## Work order
Starting with the line that contains "Peasur 4x4 Solar" and stopping after the line that contains "Mickey's Birthday Surprise Book", return each line below exactly as written, with no others.

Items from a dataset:
'''

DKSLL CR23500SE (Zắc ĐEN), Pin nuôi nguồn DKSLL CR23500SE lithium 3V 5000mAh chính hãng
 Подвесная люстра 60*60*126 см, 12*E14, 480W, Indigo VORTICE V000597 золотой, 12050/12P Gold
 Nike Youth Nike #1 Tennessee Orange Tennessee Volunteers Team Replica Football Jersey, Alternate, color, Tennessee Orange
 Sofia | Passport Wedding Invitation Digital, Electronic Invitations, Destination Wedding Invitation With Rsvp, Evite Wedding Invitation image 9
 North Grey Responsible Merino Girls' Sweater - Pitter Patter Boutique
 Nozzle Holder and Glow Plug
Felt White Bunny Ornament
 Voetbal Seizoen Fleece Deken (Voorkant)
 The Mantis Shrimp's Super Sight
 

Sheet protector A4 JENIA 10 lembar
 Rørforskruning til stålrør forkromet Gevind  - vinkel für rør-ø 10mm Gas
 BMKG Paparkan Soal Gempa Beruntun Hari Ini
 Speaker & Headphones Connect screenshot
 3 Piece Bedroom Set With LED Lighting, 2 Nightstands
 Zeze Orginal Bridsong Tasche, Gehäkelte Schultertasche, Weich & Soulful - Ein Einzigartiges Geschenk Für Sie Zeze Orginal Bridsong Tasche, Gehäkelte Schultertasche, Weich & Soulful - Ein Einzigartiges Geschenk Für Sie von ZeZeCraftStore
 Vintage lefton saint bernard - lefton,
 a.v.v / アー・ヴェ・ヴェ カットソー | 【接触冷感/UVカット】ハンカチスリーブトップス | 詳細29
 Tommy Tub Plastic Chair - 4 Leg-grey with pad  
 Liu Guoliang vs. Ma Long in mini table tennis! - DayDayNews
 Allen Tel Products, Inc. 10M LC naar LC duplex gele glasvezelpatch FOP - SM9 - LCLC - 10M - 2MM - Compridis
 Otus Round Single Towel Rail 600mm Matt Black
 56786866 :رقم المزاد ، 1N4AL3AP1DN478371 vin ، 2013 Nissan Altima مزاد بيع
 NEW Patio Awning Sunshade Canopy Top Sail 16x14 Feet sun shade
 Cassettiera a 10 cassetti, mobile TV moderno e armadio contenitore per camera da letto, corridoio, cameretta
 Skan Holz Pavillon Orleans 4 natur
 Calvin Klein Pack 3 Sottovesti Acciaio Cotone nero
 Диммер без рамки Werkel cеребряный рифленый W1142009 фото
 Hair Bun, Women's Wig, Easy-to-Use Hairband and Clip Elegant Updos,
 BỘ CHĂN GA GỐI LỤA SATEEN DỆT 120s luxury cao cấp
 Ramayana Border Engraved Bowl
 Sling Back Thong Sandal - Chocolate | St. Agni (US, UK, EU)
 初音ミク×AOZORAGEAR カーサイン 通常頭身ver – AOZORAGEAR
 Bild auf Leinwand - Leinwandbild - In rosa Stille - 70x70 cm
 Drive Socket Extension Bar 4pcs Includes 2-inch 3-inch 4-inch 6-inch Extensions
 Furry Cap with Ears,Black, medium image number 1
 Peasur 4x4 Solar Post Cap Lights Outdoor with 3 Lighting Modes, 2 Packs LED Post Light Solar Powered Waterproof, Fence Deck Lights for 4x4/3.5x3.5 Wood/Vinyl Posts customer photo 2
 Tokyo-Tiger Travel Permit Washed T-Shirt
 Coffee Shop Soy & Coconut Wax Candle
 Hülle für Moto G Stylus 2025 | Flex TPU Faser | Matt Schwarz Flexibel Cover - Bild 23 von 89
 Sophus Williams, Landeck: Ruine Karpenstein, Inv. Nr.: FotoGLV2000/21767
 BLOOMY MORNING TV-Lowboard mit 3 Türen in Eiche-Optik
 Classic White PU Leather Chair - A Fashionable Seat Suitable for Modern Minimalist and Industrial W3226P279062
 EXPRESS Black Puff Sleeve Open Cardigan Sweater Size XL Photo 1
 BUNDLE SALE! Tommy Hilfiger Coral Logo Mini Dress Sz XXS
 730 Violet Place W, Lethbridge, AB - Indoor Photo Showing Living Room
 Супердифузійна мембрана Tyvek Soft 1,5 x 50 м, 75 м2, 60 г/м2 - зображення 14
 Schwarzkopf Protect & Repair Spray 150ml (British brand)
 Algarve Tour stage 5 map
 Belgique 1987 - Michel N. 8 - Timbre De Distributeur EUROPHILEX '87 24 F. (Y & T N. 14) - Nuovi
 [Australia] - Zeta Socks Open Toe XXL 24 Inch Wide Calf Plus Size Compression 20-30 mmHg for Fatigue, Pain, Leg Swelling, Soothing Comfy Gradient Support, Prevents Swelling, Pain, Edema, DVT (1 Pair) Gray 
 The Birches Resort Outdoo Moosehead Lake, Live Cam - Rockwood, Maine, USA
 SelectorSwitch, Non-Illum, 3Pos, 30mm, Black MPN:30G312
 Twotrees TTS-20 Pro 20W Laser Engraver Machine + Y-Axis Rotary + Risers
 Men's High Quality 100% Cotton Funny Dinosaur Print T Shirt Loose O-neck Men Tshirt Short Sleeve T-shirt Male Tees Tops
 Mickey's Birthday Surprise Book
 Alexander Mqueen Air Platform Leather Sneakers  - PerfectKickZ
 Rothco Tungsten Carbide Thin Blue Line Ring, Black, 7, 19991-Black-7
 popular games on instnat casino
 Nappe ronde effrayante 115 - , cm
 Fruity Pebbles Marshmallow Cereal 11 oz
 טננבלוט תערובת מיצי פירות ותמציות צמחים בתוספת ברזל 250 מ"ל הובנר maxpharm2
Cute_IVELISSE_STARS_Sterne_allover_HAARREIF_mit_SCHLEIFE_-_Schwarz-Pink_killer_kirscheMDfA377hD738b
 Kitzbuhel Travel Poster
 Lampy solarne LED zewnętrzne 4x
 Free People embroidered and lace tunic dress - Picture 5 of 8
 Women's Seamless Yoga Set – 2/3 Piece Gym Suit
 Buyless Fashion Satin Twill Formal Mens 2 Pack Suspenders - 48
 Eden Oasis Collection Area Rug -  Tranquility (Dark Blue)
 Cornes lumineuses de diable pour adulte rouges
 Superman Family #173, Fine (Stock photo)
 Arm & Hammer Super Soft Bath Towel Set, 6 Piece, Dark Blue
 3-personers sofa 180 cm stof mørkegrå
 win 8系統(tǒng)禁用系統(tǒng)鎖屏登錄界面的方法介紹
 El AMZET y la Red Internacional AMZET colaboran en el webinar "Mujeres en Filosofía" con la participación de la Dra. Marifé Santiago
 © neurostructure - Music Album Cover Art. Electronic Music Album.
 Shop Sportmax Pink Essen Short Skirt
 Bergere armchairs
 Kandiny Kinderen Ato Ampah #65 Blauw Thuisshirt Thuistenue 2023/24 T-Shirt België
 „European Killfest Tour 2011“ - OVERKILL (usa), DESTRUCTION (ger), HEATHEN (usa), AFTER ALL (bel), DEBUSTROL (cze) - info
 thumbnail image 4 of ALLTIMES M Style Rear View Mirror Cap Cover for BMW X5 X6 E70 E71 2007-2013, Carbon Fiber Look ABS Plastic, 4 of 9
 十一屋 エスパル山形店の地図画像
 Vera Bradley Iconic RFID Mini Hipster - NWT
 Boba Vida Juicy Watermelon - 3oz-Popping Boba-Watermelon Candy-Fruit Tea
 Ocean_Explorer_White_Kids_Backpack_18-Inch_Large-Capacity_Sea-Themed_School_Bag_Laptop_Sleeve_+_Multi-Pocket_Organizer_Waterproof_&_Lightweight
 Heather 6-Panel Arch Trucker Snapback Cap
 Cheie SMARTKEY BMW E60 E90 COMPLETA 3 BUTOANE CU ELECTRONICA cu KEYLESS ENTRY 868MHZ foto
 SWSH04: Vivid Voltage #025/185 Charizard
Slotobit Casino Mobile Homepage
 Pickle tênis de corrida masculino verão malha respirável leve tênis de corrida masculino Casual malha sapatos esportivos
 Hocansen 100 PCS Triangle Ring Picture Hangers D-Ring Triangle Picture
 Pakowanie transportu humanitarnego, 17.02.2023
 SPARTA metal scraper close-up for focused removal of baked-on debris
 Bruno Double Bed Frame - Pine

'''

## Exercise response
 Peasur 4x4 Solar Post Cap Lights Outdoor with 3 Lighting Modes, 2 Packs LED Post Light Solar Powered Waterproof, Fence Deck Lights for 4x4/3.5x3.5 Wood/Vinyl Posts customer photo 2
 Tokyo-Tiger Travel Permit Washed T-Shirt
 Coffee Shop Soy & Coconut Wax Candle
 Hülle für Moto G Stylus 2025 | Flex TPU Faser | Matt Schwarz Flexibel Cover - Bild 23 von 89
 Sophus Williams, Landeck: Ruine Karpenstein, Inv. Nr.: FotoGLV2000/21767
 BLOOMY MORNING TV-Lowboard mit 3 Türen in Eiche-Optik
 Classic White PU Leather Chair - A Fashionable Seat Suitable for Modern Minimalist and Industrial W3226P279062
 EXPRESS Black Puff Sleeve Open Cardigan Sweater Size XL Photo 1
 BUNDLE SALE! Tommy Hilfiger Coral Logo Mini Dress Sz XXS
 730 Violet Place W, Lethbridge, AB - Indoor Photo Showing Living Room
 Супердифузійна мембрана Tyvek Soft 1,5 x 50 м, 75 м2, 60 г/м2 - зображення 14
 Schwarzkopf Protect & Repair Spray 150ml (British brand)
 Algarve Tour stage 5 map
 Belgique 1987 - Michel N. 8 - Timbre De Distributeur EUROPHILEX '87 24 F. (Y & T N. 14) - Nuovi
 [Australia] - Zeta Socks Open Toe XXL 24 Inch Wide Calf Plus Size Compression 20-30 mmHg for Fatigue, Pain, Leg Swelling, Soothing Comfy Gradient Support, Prevents Swelling, Pain, Edema, DVT (1 Pair) Gray 
 The Birches Resort Outdoo Moosehead Lake, Live Cam - Rockwood, Maine, USA
 SelectorSwitch, Non-Illum, 3Pos, 30mm, Black MPN:30G312
 Twotrees TTS-20 Pro 20W Laser Engraver Machine + Y-Axis Rotary + Risers
 Men's High Quality 100% Cotton Funny Dinosaur Print T Shirt Loose O-neck Men Tshirt Short Sleeve T-shirt Male Tees Tops
 Mickey's Birthday Surprise Book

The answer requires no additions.